Friday, September 17, 2021

‘Russian National Identity in a Certain Sense is International,’ Fabrikant Says

Paul Goble

            Staunton, Sept. 15 – However paradoxical it may seem, Margarita Fabrikant says, growing pride in Russia among residents of the Russian Federation has been accompanied by growing trust in members of non-Russian nationalities who clearly identify as such than toward others who do not.

            That was not the focus of research conducted by the Higher School of Economics based on the findings of the World Values Survey and the European Values Survey. Instead, her investigation traced the interrelationships between growing national pride among Russians and trust in key institutions (iq.hse.ru/news/501065910.html).

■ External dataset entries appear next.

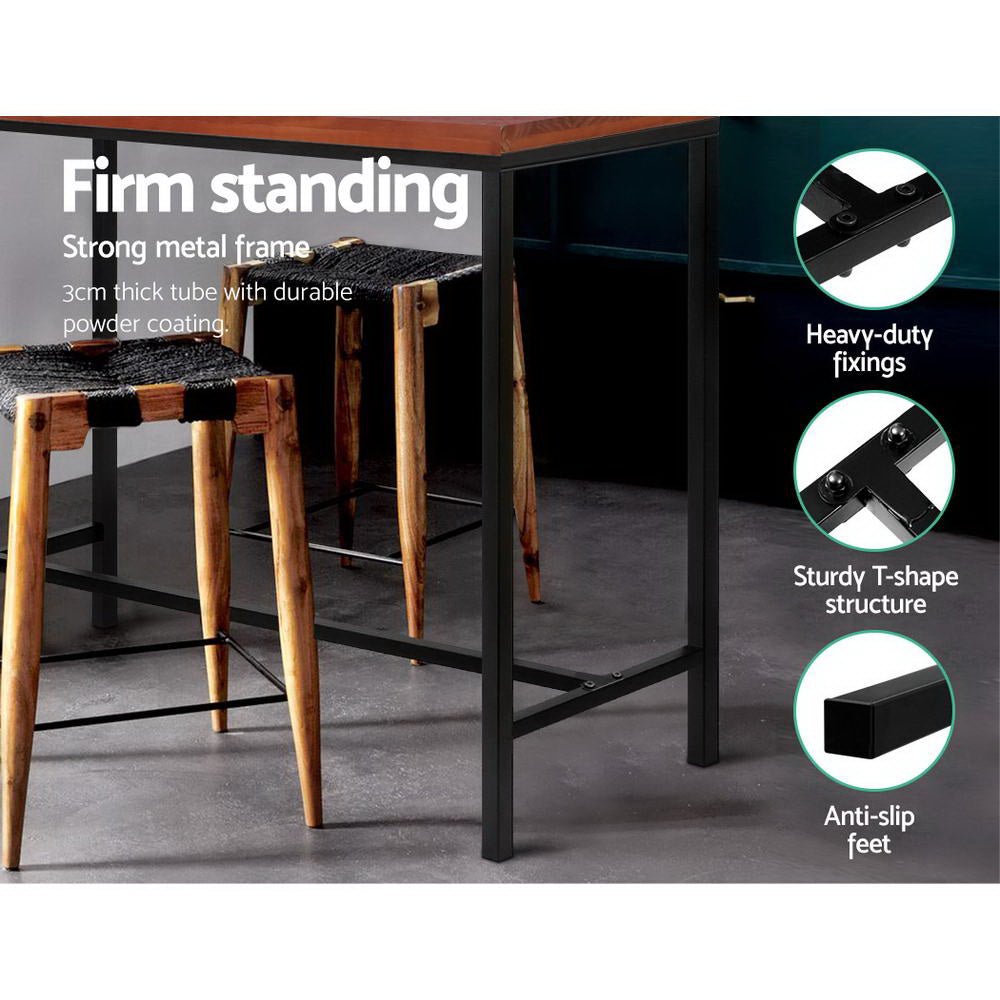 High Bar Table for Kitchen or Dining 103cm Brown - Barstool Express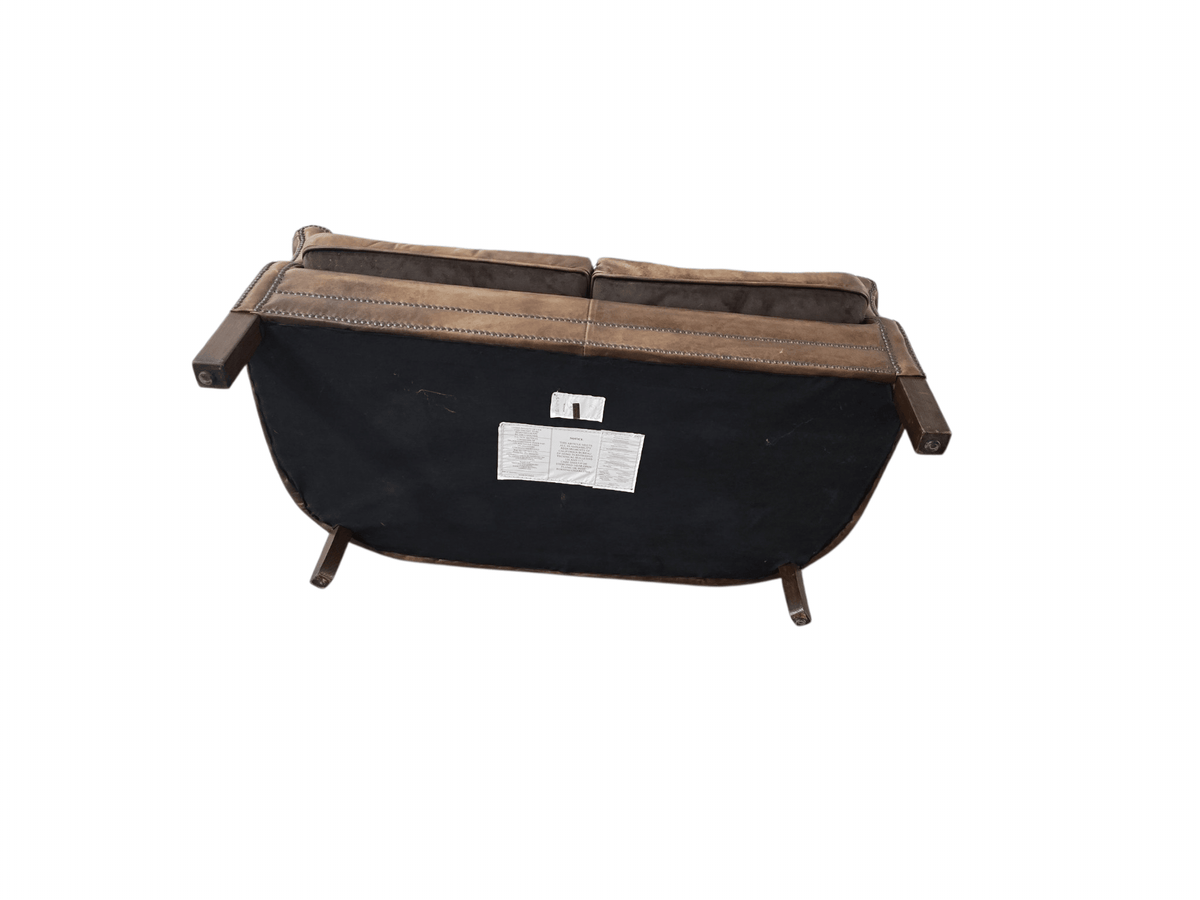 Timothy Oulton for Restoration Hardware Little Professor Two Seater Leather Brown Sofa - Opulent Seating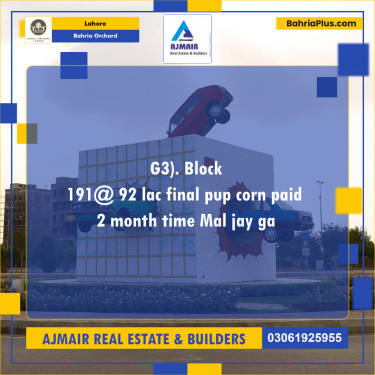 Residential Plot for Sale in Bahria Orchard, Lahore - (BP-199404)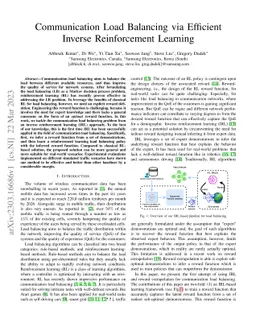 Communication Load Balancing via Efficient Inverse Reinforcement
  Learning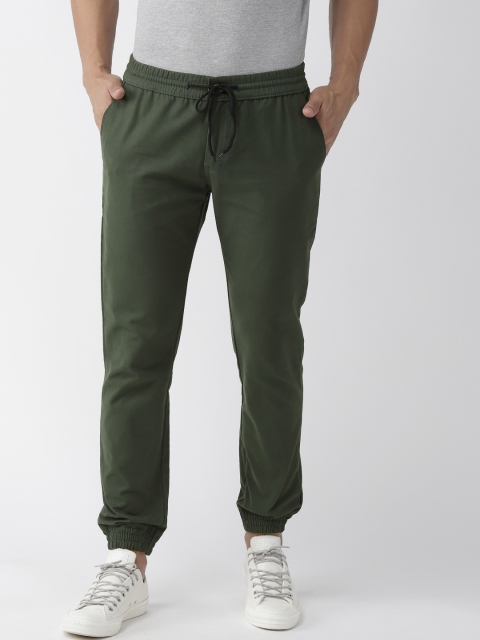 

Hubberholme Men Olive Green Slim Fit Solid Joggers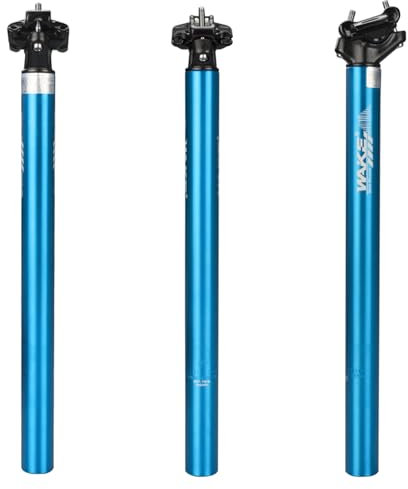Wake Fahrrad Sattelstütze 27,2mm, 30,9mm 31,6 mm Aluminiumlegierung Fahrrad Sattelstange 400mm für E-Bike, MTB, Downhill, Trekking Citybike (Blau, 27,2mm)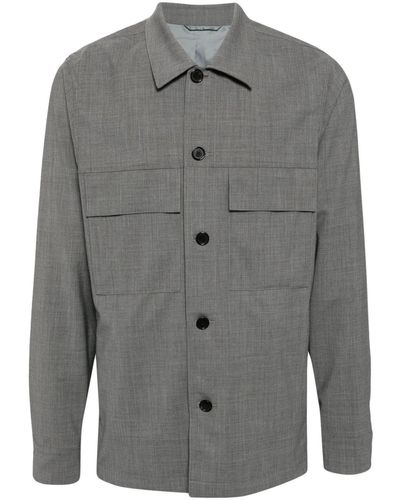 Paul Smith Long-sleeves Wool Shirt - Grey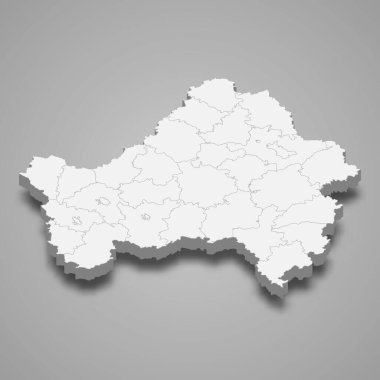 Bryansk Oblastının 3d haritası Rusya 'nın bir bölgesidir.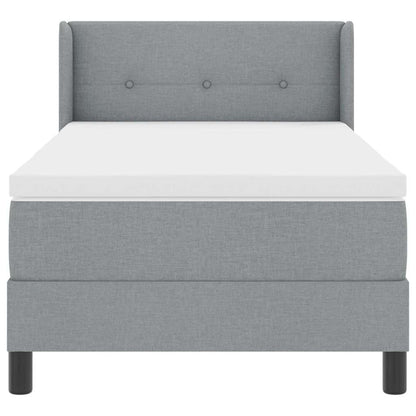 Boxspringbed met hoofdeinde Lichtgrijs 200 x 200 cm Stof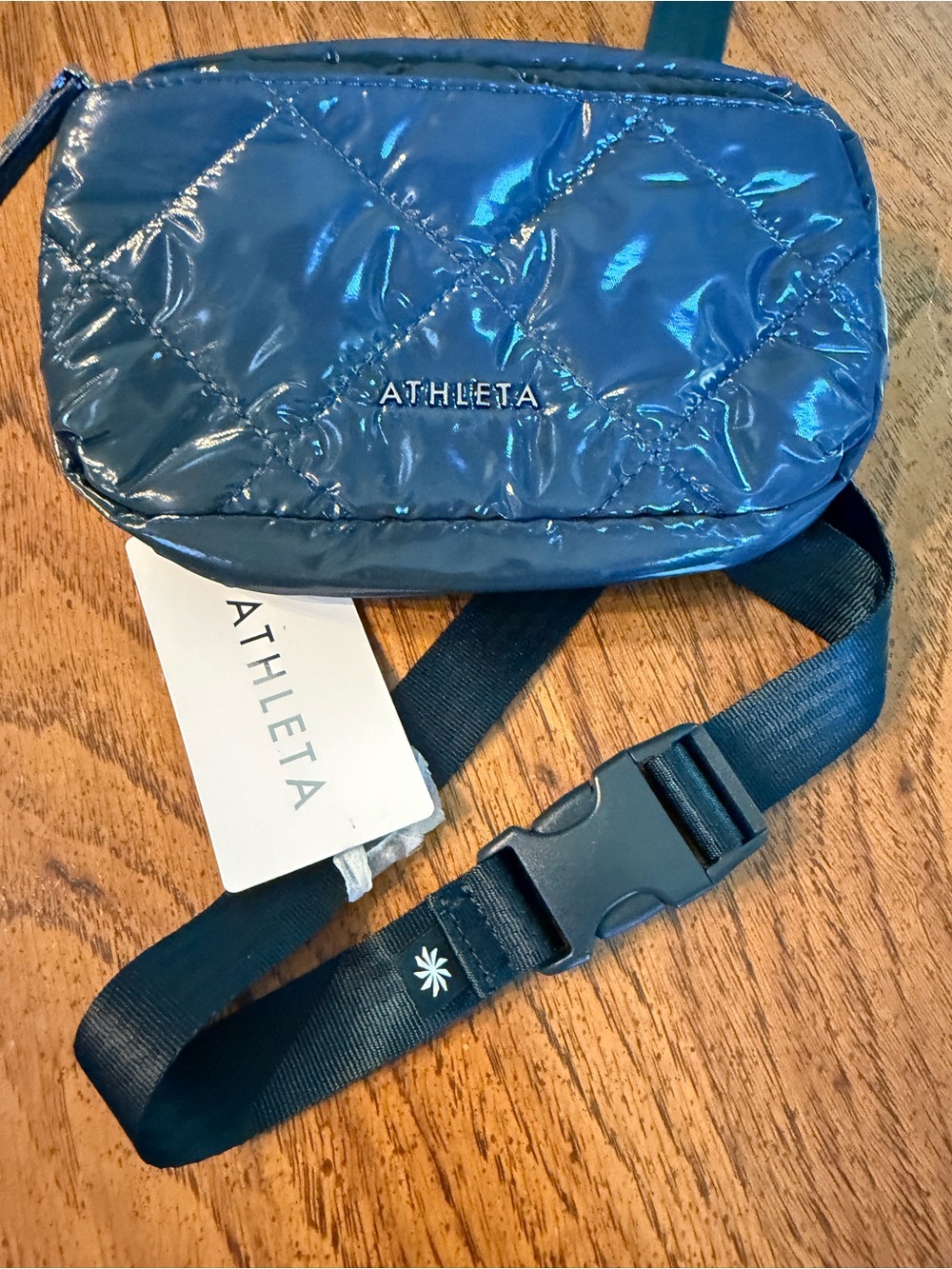 Athleta Quilted teal Crossbody Bag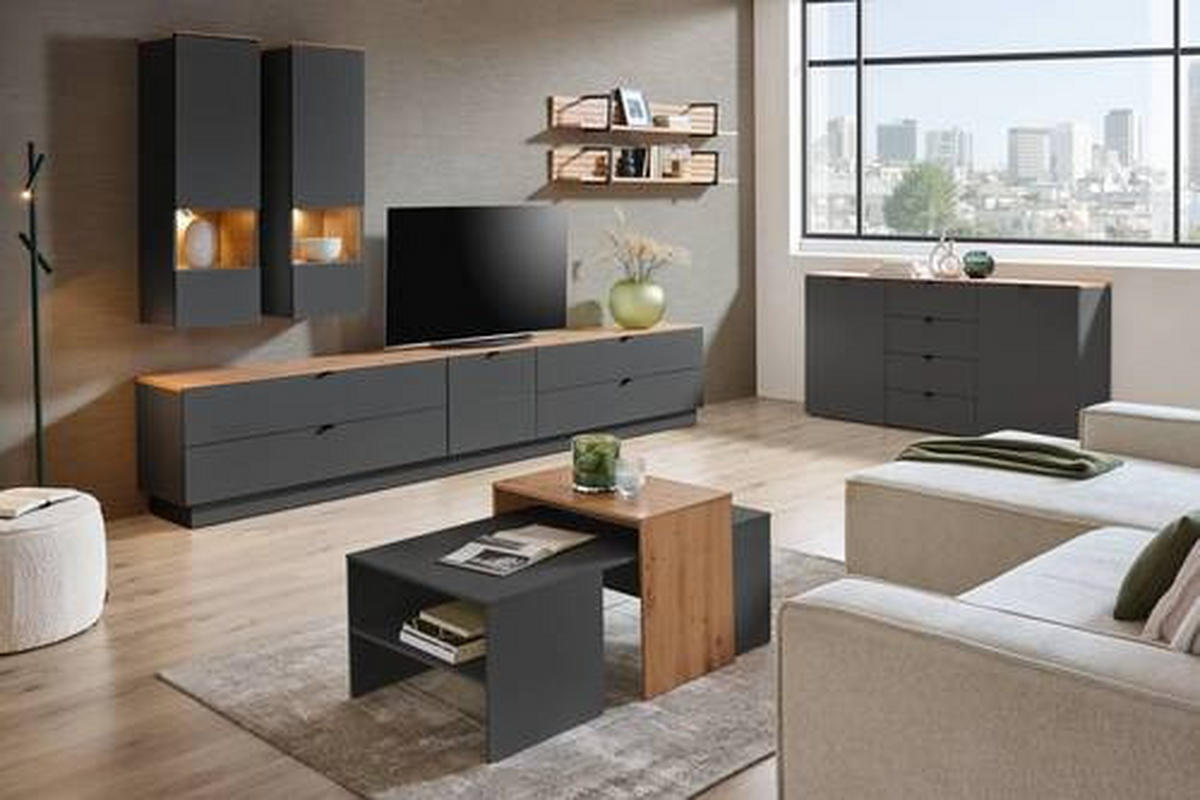 TV-ELEM 140/62/44 cm  - grafitszürke/fekete, Modern, faalapú anyag/fém (140/62/44cm) - Hom`in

            Fabrikant says that, on the one hand, Russians follow the pattern typical of many advanced countries where greater national pride leads to greater trust in institutions, but that, on the other, Russia has seen far more radical and rapid shifts in the amount of national pride and this has had an impact on the trust they display to many institutions.

            She found that “national pride in Russia has a stronger link with institutional trust” than in many countries and that “the greater national pride becomes, then the lower becomes trust to outsides and conversely,” the lower national pride is, the greater trust there is to institutions felt to be extra-national.

            “As was expected,” Fabrikant says, “the link between national pride and trust to all types of institutions in Russia turned out to be positive and, in the majority of cases, statistically significant.” The strongest correlation was between pride and the armed forces, then to the parliament and political parties, and only then to public organizations.

            That pattern is typical for most countries. Russia differs in that the level of pride appears to have greater impact on the size of expressions of trust in these institutions than is the case elsewhere. “Positive links were found regarding trust in the family, neighbors, and acquaintances and weaker and insignificant in trust to people of different religions, and negative to outsiders.”

            “Nevertheless and unexpectedly,” Fabrikant says, “the correlation between trust in people of a different nationality is positive,” a reflection of the fact that those who show trust in their own nations are viewed as more like Russians than those who are less closely tied to those communities.